Dear Disinfo Update readers,

Welcome to another edition of our newsletter – your go-to destination for the latest and most pertinent news, events, and announcements, crafted exclusively for you.

In our previous Disinfo Update, we launched an open call for #Disinfo2024. We’ve already received some fantastic proposals, and now we’re hungry for more from your brilliant minds. Help us make our mission impossible – choosing the best ideas – even more challenging! Share your proposals before 25 February 2024.

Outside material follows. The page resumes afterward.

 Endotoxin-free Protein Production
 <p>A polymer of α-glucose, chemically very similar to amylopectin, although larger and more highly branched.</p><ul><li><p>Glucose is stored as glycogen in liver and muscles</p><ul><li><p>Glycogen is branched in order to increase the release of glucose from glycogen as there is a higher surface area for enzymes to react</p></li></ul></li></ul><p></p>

Next week, on Tuesday 6 February, we’ll launch our 2024 webinars with an eye-opening session that will uncover the intricate web of deception woven by EU/US-sanctioned oligarch Ilan Shor and his pro-Russian party in their relentless bid to sabotage Moldova’s aspirations for EU membership. And this is just the beginning – stay tuned for more webinars on a wide range of timely topics, where we’ll be giving voice to experts from our valued community throughout the year!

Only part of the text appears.